▶ [Directions]:
Nothing but the lines below between the line holding "adidas Essentials Logo" and the line holding "دوچرخه دخترانه سایز ۱۶", inclusive, should appear in the answer, each set down exactly.

┌──

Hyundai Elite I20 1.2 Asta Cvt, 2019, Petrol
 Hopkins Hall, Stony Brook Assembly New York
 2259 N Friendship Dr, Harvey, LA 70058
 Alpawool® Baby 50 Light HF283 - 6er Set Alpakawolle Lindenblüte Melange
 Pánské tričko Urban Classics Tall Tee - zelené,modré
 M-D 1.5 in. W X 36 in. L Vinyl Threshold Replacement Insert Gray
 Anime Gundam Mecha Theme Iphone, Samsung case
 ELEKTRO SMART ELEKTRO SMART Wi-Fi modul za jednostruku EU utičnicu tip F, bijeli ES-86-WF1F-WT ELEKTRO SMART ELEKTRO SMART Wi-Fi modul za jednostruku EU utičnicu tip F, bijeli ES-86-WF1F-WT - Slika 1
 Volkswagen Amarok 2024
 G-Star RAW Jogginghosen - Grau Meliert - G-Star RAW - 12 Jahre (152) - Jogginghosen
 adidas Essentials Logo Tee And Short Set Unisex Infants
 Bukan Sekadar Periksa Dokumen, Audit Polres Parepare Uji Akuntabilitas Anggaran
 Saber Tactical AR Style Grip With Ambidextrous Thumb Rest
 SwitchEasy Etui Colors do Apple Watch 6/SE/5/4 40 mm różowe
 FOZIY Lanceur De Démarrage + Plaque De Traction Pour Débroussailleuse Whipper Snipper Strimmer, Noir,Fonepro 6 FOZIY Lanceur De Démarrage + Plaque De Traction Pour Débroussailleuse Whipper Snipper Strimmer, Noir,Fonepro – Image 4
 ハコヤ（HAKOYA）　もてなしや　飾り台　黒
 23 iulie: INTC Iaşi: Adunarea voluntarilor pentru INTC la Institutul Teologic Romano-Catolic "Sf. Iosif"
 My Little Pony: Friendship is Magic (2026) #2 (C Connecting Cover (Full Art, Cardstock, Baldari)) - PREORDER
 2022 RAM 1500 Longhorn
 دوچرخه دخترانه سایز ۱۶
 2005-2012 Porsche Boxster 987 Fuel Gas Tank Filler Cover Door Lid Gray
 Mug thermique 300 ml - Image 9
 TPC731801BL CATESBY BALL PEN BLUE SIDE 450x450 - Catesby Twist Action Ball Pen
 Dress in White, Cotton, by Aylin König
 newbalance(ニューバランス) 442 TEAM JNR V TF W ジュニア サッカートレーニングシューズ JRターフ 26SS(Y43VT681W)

└──

▶ [Result of the task]:
 adidas Essentials Logo Tee And Short Set Unisex Infants
 Bukan Sekadar Periksa Dokumen, Audit Polres Parepare Uji Akuntabilitas Anggaran
 Saber Tactical AR Style Grip With Ambidextrous Thumb Rest
 SwitchEasy Etui Colors do Apple Watch 6/SE/5/4 40 mm różowe
 FOZIY Lanceur De Démarrage + Plaque De Traction Pour Débroussailleuse Whipper Snipper Strimmer, Noir,Fonepro 6 FOZIY Lanceur De Démarrage + Plaque De Traction Pour Débroussailleuse Whipper Snipper Strimmer, Noir,Fonepro – Image 4
 ハコヤ（HAKOYA）　もてなしや　飾り台　黒
 23 iulie: INTC Iaşi: Adunarea voluntarilor pentru INTC la Institutul Teologic Romano-Catolic "Sf. Iosif"
 My Little Pony: Friendship is Magic (2026) #2 (C Connecting Cover (Full Art, Cardstock, Baldari)) - PREORDER
 2022 RAM 1500 Longhorn
 دوچرخه دخترانه سایز ۱۶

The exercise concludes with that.